When I was driving through Death Valley, I noticed this cactus tree by the road that really stood out to me. I got out of the car to examine the cactus tree further, when I looked up to the sky by the tree, I see what the plant is seeing – it’s reaching for the beautiful blue sky above. I was the cactus for a few seconds knowing that no matter who or what you are, always reach for the sky.


Still Standing

I couldn’t resist stopping my car when I drove by this tree. Along the long roads it’s tough not to think and appreciate this tree’s perseverance in such tough conditions. This is a demonstration of how we can survive and still stand no matter how tough the surroundings are.


Lifeless or Lively?

Many would consider Death Valley lifeless but I see the opposite.  This image is a testament that under extreme heat, there is still a crowd of party celebrating their very survival.  As you admire the liveliness across the field, I’d say this is one of the most lively places of all places in its own unique way.


Tiny and Humbled

This may be a common view in Death Valley but its effect on me did not degrade throughout the day. I am reminded how tiny and humbled I am everytime I see it, it makes me stronger through the day when it was scorching hot. It’s places like this that makes one forget about trivial things and appreciate the accomplishment and beauty all around us.


Painters Paradise

The Painters Palette is a detour drive about an hour in total in Death Valley, but it was well worth it. Once you are at the top of one of the canyons, you get to see the artwork created by nature. The massive canyons are the palette of colors that are beyond imagination.  As a creator the canyons are at the disposal to create stunning artwork we see in Death Valley.


Road to Badwater

Driving on the roads in Death Valley, believe it or not, turned out to be one of the most satisfying experiences of the trip. The view is expansive no matter which way you look. It’s hard not to check out the scenery when you’re in Death Valley. This road to Badwater Basin is amazing in its own way because it offers so much including desert on the side, wide and massive canyons in the back, and the interesting white basin color in the middle. Sometimes the best view is before you reach the destination.



Golden Canyon

The Golden Canyon is a little gem in Death Valley that turned out to be a pleasant surprise.  With the temperature hovering at 132 degrees F, I had doubts about taking this hike in the Golden Canyon but I am glad I did in the end.  The hike into the Canyon offers many detail of the canyon up close and personal that is different from seeing the canyon far away.

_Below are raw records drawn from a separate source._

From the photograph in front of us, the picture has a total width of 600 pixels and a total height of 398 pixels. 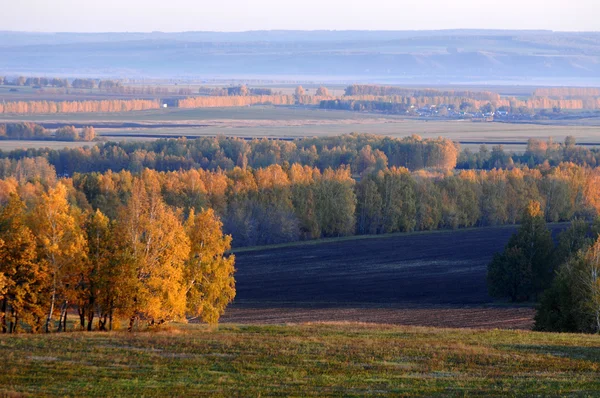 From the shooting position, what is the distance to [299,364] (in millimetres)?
26375

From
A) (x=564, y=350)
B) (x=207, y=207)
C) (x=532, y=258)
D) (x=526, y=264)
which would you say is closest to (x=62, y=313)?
(x=564, y=350)

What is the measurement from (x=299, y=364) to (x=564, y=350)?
29.2 feet

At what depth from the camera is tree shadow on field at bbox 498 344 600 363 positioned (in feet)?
92.5

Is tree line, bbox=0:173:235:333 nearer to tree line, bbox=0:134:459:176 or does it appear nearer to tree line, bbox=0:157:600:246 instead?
tree line, bbox=0:157:600:246

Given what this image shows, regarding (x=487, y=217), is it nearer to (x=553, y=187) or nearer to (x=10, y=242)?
(x=553, y=187)

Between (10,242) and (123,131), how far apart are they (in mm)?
144780

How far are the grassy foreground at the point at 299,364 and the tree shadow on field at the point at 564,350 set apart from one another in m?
0.03

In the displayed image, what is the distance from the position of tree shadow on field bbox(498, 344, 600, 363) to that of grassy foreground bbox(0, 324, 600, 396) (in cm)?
3

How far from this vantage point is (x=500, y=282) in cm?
5250

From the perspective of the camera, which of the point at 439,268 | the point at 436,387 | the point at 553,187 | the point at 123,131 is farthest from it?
the point at 123,131

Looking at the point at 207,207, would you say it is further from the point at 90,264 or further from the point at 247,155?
the point at 247,155

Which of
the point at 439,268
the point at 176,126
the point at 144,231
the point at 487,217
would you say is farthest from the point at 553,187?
the point at 176,126

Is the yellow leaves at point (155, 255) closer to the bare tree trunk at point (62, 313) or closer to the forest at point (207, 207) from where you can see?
the forest at point (207, 207)

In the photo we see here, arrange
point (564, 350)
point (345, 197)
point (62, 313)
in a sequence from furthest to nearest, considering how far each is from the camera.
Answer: point (345, 197) < point (62, 313) < point (564, 350) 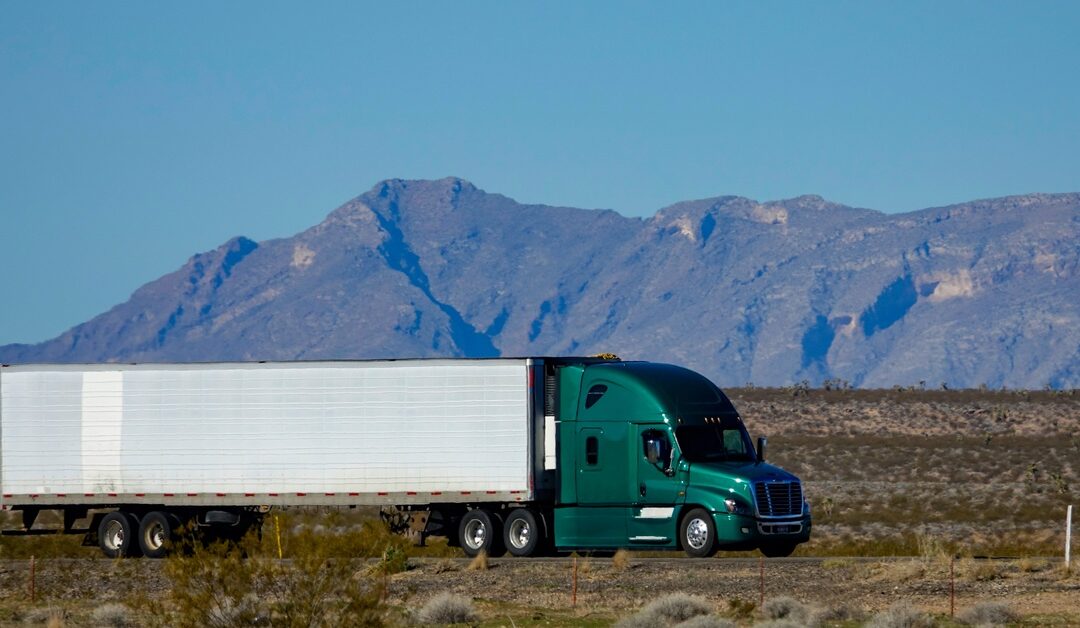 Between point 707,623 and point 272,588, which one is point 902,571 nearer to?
point 707,623

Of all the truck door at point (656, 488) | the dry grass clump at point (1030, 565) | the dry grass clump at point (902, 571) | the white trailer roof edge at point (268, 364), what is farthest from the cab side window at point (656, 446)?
the dry grass clump at point (1030, 565)

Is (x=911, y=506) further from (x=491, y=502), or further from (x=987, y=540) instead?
(x=491, y=502)

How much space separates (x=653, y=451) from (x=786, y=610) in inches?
299

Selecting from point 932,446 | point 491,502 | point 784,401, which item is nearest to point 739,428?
point 491,502

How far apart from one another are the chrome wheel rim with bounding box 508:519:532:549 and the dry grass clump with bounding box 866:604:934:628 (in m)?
11.0

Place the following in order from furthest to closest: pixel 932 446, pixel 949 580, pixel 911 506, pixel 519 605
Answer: pixel 932 446, pixel 911 506, pixel 949 580, pixel 519 605

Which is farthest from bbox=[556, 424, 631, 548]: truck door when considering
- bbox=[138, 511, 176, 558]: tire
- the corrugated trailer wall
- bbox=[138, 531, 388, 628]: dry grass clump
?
bbox=[138, 531, 388, 628]: dry grass clump

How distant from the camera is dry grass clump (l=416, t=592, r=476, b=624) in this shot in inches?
970

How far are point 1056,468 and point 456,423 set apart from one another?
4314 centimetres

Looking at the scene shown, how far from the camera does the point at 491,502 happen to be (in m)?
33.5

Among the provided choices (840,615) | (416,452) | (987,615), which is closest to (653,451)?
(416,452)

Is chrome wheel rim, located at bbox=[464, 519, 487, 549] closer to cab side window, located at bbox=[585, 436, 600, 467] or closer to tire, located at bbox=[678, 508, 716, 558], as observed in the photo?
cab side window, located at bbox=[585, 436, 600, 467]

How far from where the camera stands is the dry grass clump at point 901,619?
899 inches

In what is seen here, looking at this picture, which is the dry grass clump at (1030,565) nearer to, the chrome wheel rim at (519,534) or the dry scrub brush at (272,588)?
the chrome wheel rim at (519,534) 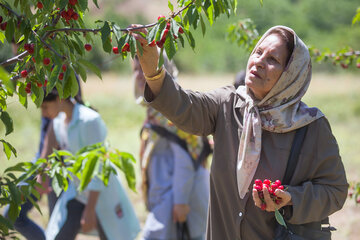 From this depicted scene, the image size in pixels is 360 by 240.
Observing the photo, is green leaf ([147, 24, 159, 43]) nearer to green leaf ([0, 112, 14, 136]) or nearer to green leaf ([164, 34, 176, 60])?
green leaf ([164, 34, 176, 60])

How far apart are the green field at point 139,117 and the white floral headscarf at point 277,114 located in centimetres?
352

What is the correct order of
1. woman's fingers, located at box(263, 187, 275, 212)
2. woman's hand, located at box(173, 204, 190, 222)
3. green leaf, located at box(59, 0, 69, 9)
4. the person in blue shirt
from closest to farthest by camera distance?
green leaf, located at box(59, 0, 69, 9) → woman's fingers, located at box(263, 187, 275, 212) → the person in blue shirt → woman's hand, located at box(173, 204, 190, 222)

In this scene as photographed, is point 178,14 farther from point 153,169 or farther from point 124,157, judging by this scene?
point 153,169

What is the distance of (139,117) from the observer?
11.7 metres

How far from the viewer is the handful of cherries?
215 cm

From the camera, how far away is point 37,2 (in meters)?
2.08

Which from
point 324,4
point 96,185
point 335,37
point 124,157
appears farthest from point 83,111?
point 324,4

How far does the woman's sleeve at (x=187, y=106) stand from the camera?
87.7 inches

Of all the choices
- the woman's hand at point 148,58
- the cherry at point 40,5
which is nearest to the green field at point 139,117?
the woman's hand at point 148,58

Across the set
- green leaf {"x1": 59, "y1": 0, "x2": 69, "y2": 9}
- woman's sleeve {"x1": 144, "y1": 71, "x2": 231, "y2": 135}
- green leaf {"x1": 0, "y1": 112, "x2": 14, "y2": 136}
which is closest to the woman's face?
woman's sleeve {"x1": 144, "y1": 71, "x2": 231, "y2": 135}

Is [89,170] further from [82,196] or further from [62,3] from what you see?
[82,196]

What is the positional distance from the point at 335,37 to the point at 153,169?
2076 centimetres

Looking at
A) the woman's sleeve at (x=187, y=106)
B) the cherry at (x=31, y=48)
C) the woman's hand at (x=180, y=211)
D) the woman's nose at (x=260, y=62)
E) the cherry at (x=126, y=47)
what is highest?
the cherry at (x=31, y=48)

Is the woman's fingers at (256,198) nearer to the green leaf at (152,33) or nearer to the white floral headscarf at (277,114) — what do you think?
the white floral headscarf at (277,114) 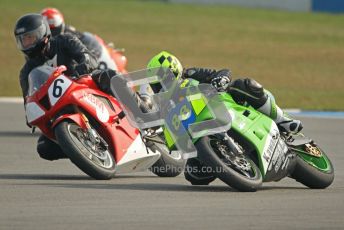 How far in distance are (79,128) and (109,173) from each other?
0.50 m

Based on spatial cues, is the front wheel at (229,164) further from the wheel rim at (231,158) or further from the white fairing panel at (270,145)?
the white fairing panel at (270,145)

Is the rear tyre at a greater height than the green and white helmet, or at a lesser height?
lesser

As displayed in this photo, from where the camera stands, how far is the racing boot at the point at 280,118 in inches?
384

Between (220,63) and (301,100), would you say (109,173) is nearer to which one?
(301,100)

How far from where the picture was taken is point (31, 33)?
36.8 feet

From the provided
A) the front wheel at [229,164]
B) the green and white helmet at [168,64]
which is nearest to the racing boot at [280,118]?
the front wheel at [229,164]

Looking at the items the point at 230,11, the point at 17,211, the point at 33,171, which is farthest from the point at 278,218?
the point at 230,11

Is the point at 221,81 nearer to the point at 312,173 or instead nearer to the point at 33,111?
the point at 312,173

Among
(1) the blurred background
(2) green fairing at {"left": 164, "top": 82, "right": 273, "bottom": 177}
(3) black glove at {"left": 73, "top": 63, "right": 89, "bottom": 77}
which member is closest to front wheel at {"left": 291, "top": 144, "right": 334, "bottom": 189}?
(2) green fairing at {"left": 164, "top": 82, "right": 273, "bottom": 177}

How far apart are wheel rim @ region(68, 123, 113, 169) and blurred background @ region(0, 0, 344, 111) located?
10.8 meters

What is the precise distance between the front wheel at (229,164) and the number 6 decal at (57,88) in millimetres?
1885

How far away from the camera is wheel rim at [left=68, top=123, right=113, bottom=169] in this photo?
1005 centimetres

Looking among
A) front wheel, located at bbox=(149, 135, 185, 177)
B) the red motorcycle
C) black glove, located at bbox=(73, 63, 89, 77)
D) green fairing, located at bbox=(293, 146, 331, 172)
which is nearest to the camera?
green fairing, located at bbox=(293, 146, 331, 172)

This is the trail in Golden Canyon as I hiked through it.  The texture and rock formation of the canyon made by nature after hundreds of thousands of years, makes one appreciate the power and creativity of nature.


Sand Dune Mirage

The Mesquite Flat Sand Dunes was heaven to me for a Canadian like me who lives in the True North where you don’t see dunes everyday. When I set foot into the dunes, I immediately felt the heat under my feet. I wanted to explore around the dunes and realized that everything is not as close as you think it is. It already had this mirage effect on me, where time and distance is no longer the same.


Zabriskie Sunset

As the day was winding down in Death Valley, I only had enough time left to make it to one more stop before I call it a day as it gets dark. I decided to visit Zabriskie’s Point and boy was I glad that I made that decision. I climbed to the top of Zabriskie Point as the sun was just setting. The sunset colors in the sky, mixed with amazing layers of canyon created this breathtaking scenery. This image is one of the reasons why I wanted to create this series of Death Valley, to offer its beauty to the world.


My Conclusion

Well, 150 miles and 24 hours later from Las Vegas, I get to walk in the Mesquite Sand Dunes, climb to the top of the Artist’s Palette hills, explore the rock formation in Golden Canyon, last but not the least, I get to watch the amazing sunset at Zabriskie’s Point, all of which are once-in-a-life-time experience. So my response to the question of why visit Death Valley in July, I’d say why not?

Side Trip – Ash Meadows

Before arriving in Death Valley, I stopped by Ash Meadows for a couple of hours first.  Ash Meadows is right outside and to the east of Death Valley.  It is an oasis comparing to Death Valley with its supply of water in lakes.  A good compromise and contrast to Death Valley, and a place worth visiting if you had extra time in your schedule.  If your tight on time in your travel to Death Valley, I suggest that you skip Ash Meadows, because Death Valley has so much to offer to fit into a one-day schedule.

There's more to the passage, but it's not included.